◆ **Material provided**:
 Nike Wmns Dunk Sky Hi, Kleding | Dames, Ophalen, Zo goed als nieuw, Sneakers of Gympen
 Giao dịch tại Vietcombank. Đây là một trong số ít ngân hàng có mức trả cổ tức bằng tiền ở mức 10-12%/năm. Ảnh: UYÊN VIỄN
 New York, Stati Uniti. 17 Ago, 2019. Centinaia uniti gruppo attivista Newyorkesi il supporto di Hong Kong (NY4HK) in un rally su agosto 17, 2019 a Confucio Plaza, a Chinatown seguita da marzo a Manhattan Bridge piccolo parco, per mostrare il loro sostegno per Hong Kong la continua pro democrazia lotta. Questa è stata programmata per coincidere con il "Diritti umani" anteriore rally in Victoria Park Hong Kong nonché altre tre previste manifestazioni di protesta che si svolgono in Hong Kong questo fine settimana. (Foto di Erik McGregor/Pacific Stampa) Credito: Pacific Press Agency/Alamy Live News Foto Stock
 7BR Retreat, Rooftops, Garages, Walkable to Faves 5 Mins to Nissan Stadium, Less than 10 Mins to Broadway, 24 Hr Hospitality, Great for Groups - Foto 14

◆ **Exercise goal**: Exactly as written, reproduce the lines of the data above from the first line through the line where "Giao dịch tại" appears.

◆ **Problem solution**:
 Nike Wmns Dunk Sky Hi, Kleding | Dames, Ophalen, Zo goed als nieuw, Sneakers of Gympen
 Giao dịch tại Vietcombank. Đây là một trong số ít ngân hàng có mức trả cổ tức bằng tiền ở mức 10-12%/năm. Ảnh: UYÊN VIỄN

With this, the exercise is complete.